= Extracted entries =

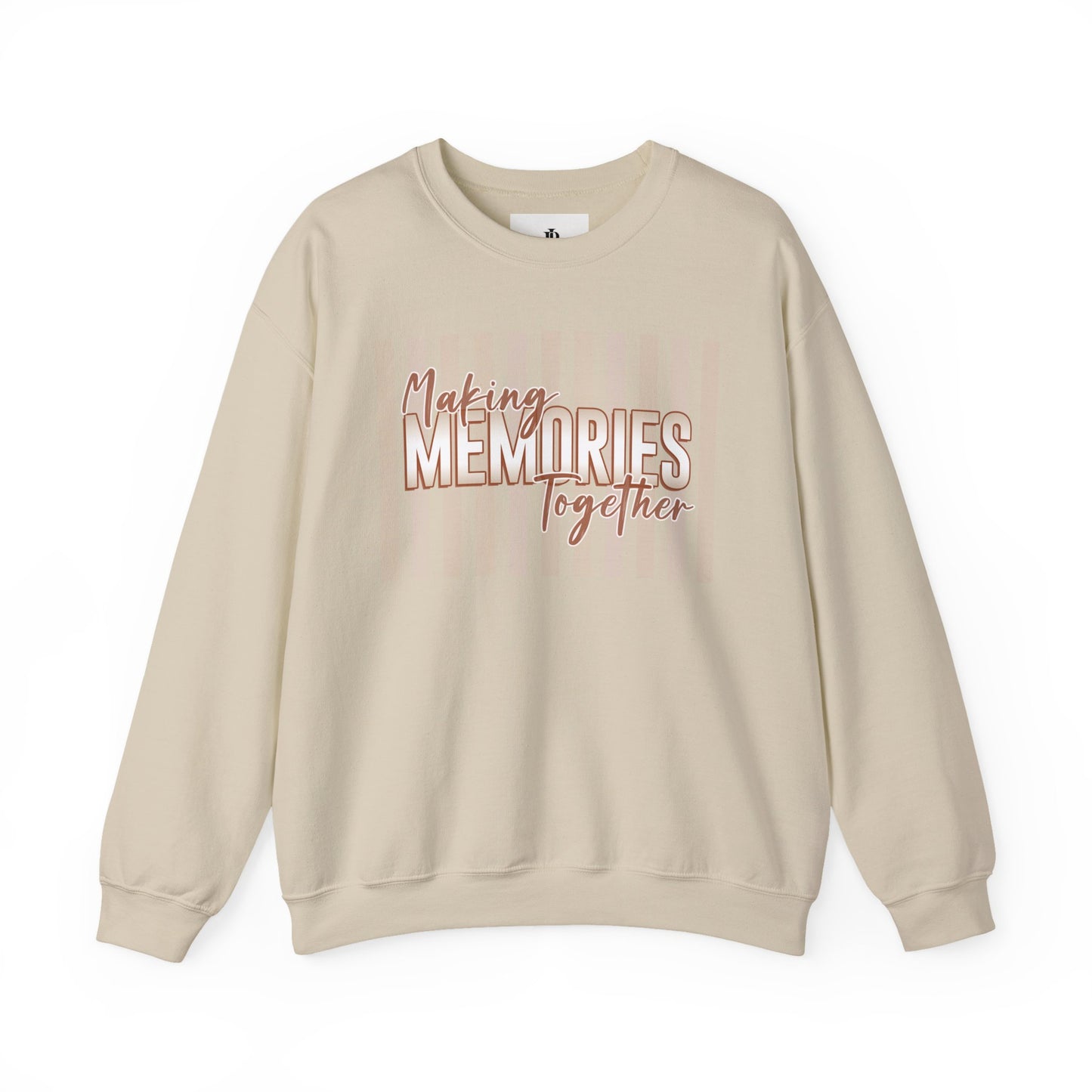 Couples Sweatshirt Set, Making Memories Matching Crewneck Pair, Cozy Unisex Fit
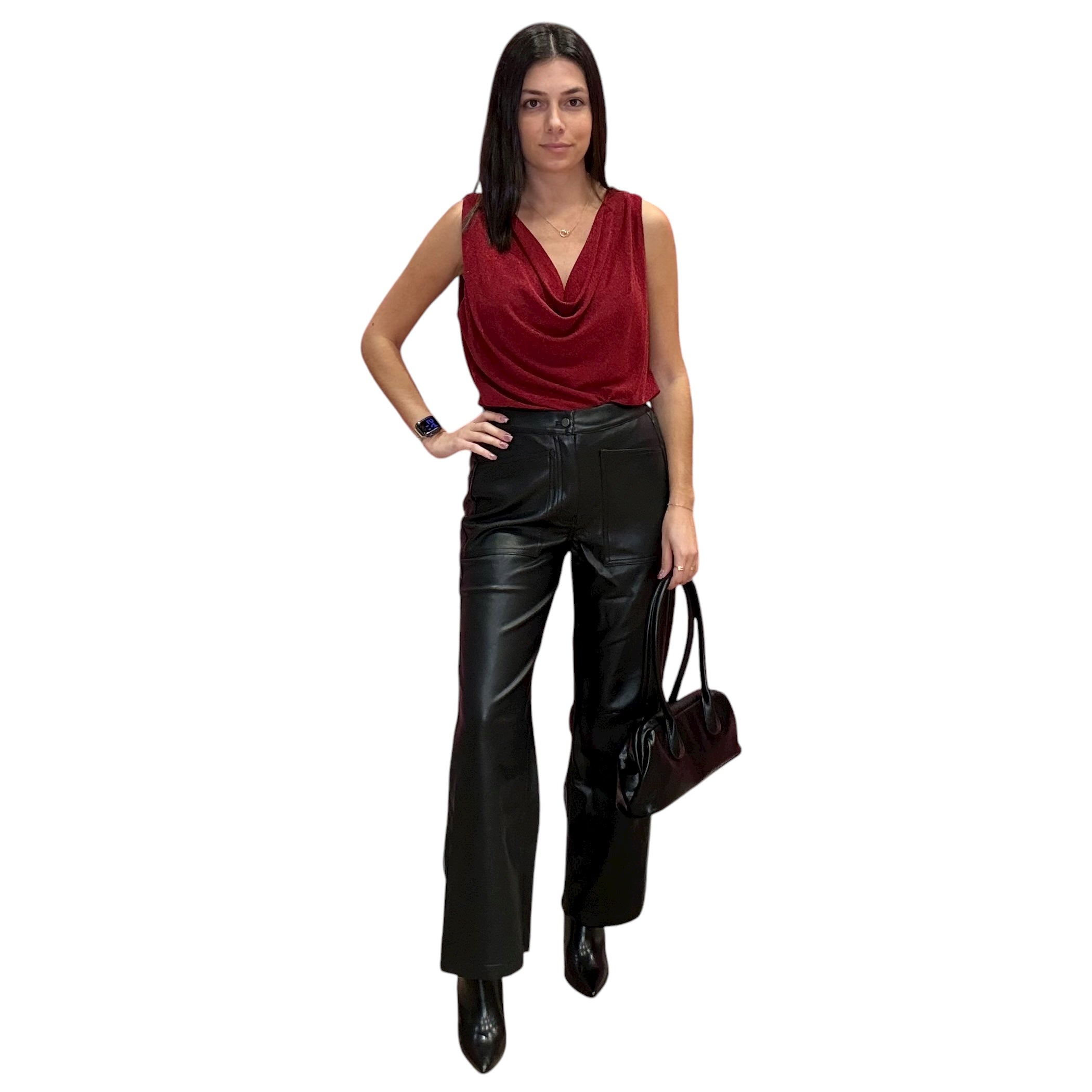 Soho Faux Leather Pants - Black – Alicia DiMichele Boutique
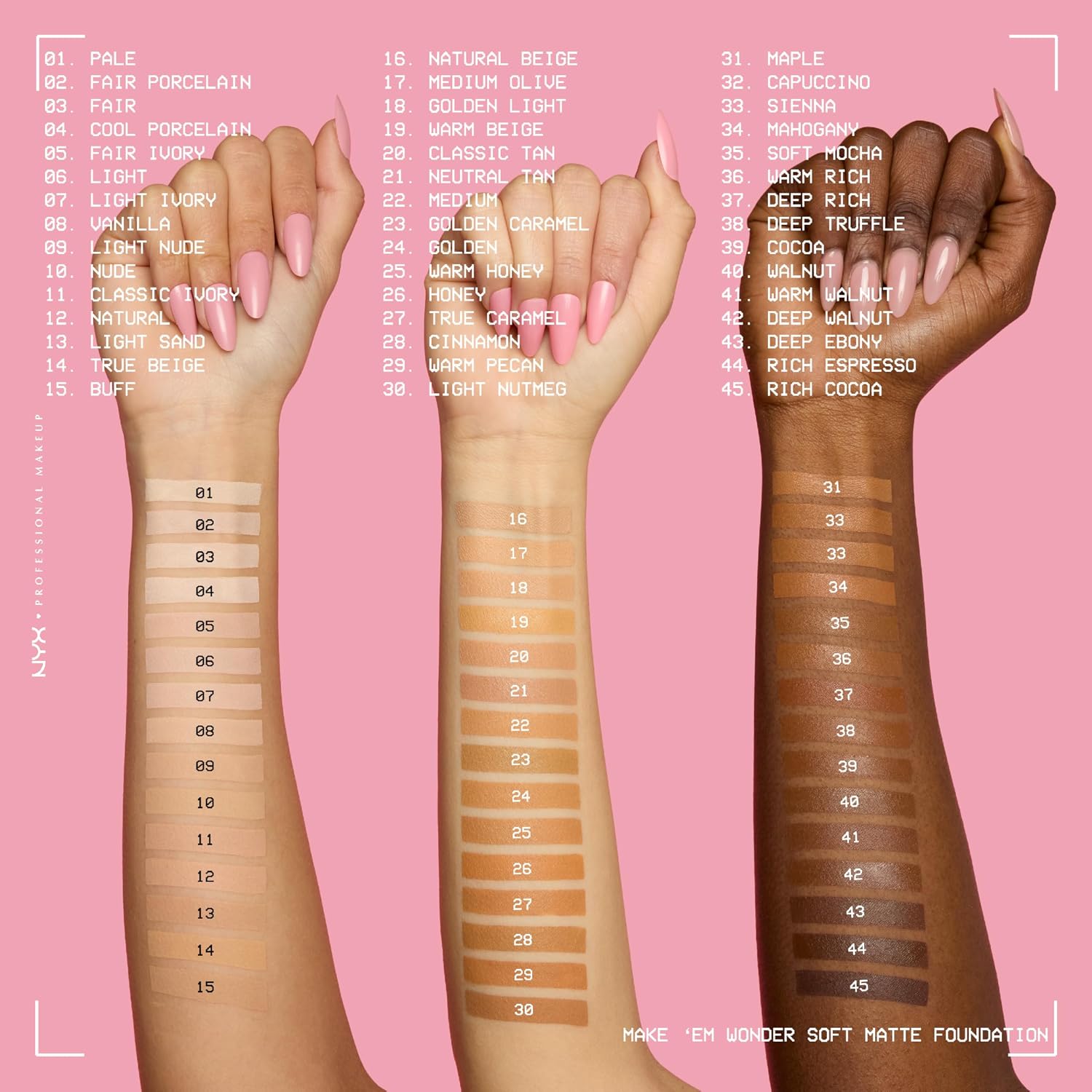 Thumbnail 6 de NYX Professional Makeup Liquid Foundation 24HR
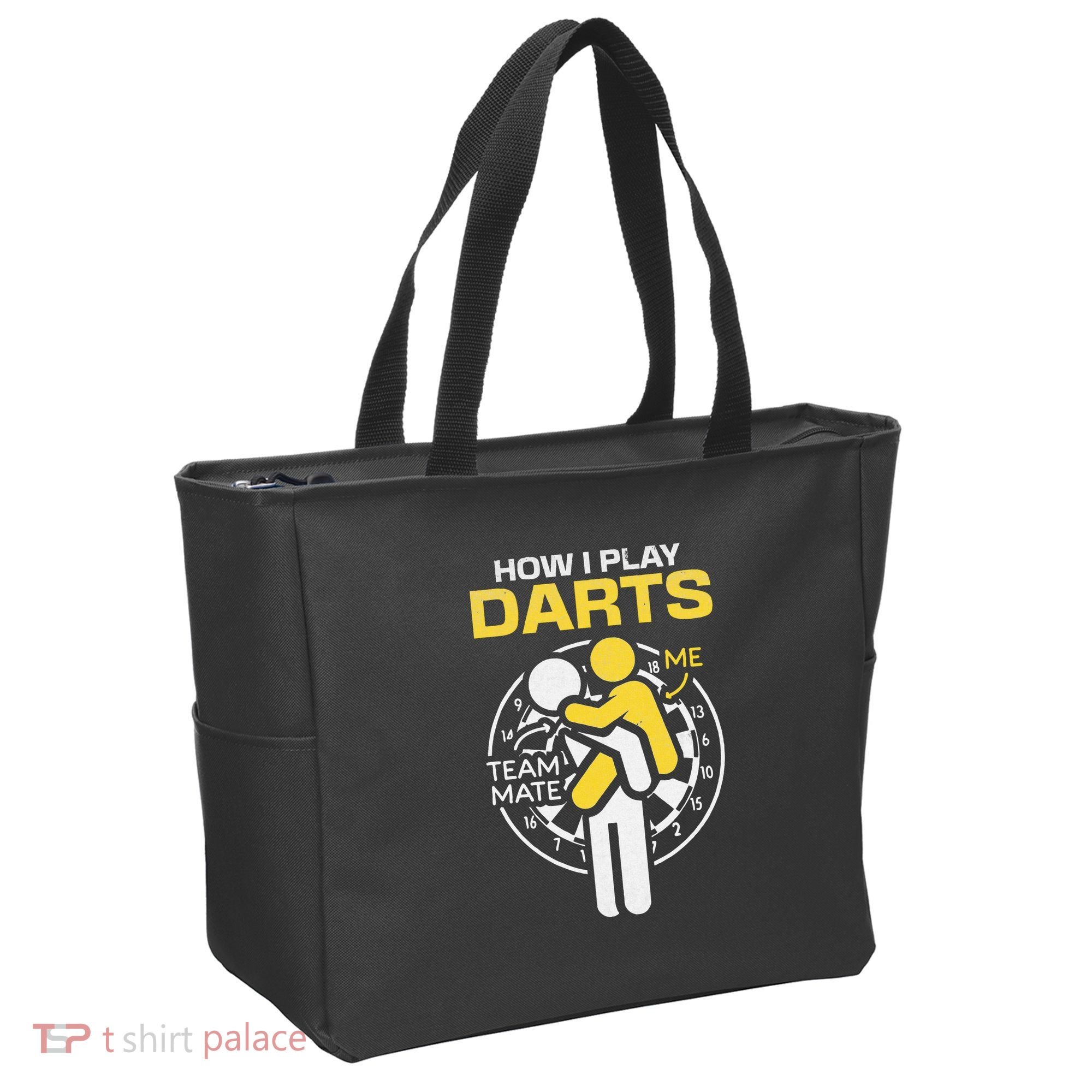 How I Play Darts Funny Darts Player Tote Bag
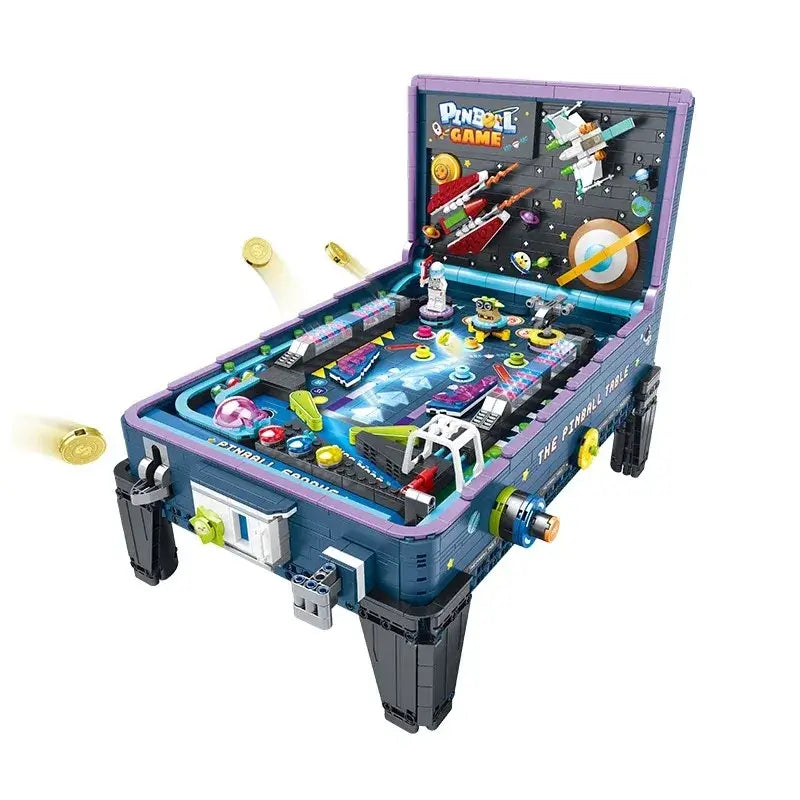 2309PCS Pinball Game Table Building Blocks Toys Model Assembly Board Games Machine Bricks Sets DIY Toys Kids Christmas Gifts
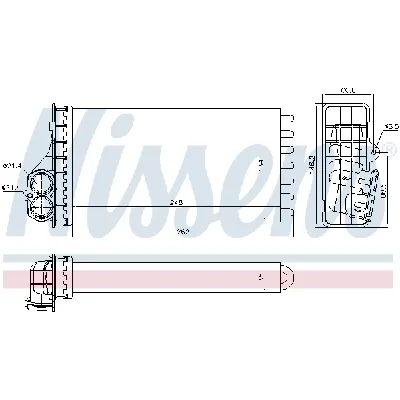 Izmenjivač toplote NISSENS NIS 707091 IC-E447B9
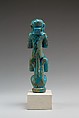 Monkey and Man Playing Instruments, Faience
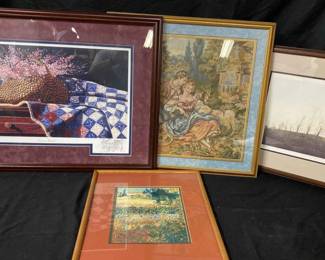Country Scene Collection Of Prints With A Van High And Harry Jarman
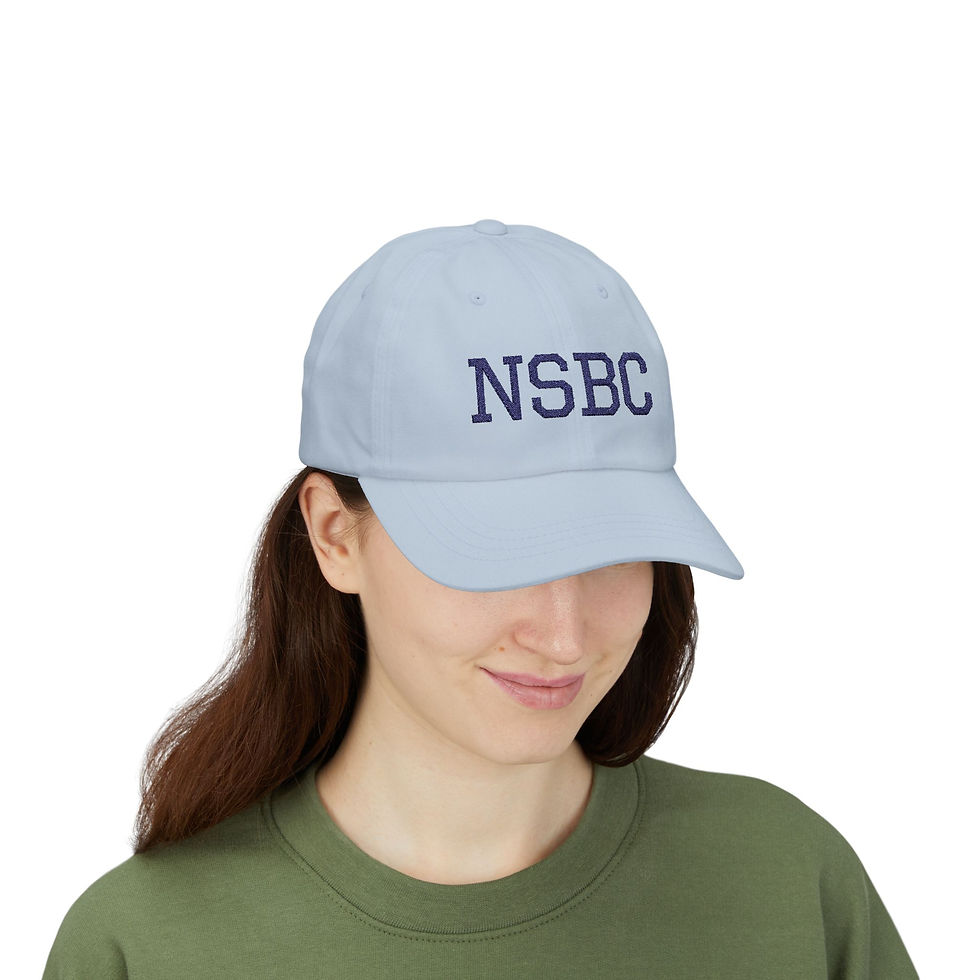 Miniatura: "NSBC" Blue Lettering Baseball hat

= Task instructions =
Each record above should be copied character for character, with pictures dropped.

= Final answer =
 Couples Sweatshirt Set, Making Memories Matching Crewneck Pair, Cozy Unisex Fit
 Soho Faux Leather Pants - Black – Alicia DiMichele Boutique
 Thumbnail 6 de NYX Professional Makeup Liquid Foundation 24HR
 How I Play Darts Funny Darts Player Tote Bag
 2309PCS Pinball Game Table Building Blocks Toys Model Assembly Board Games Machine Bricks Sets DIY Toys Kids Christmas Gifts
 Izmenjivač toplote NISSENS NIS 707091 IC-E447B9
 Monkey and Man Playing Instruments, Faience
Country Scene Collection Of Prints With A Van High And Harry Jarman
 Miniatura: "NSBC" Blue Lettering Baseball hat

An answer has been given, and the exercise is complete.